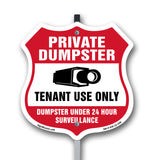 Private Dumpster Shield Sign Tenant Use Only Dumpster Under 24 Hour Surveillance
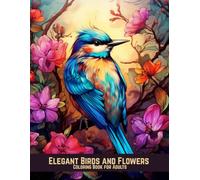 Elegant Birds and Flowers Coloring Book for Adults: 100 Nature-Inspired Pages for Tranquility and Joy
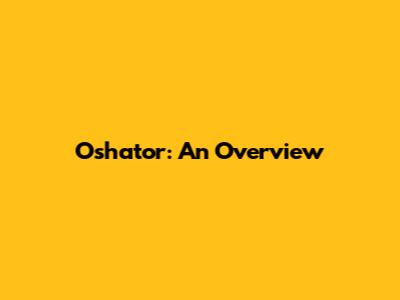Oshator: An Overview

- - - - - - -

Work item. Output the material above exactly, without pictures.

Answer below.
 Private Dumpster Shield Sign Tenant Use Only Dumpster Under 24 Hour Surveillance
 Elegant Birds and Flowers Coloring Book for Adults: 100 Nature-Inspired Pages for Tranquility and Joy
Oshator: An Overview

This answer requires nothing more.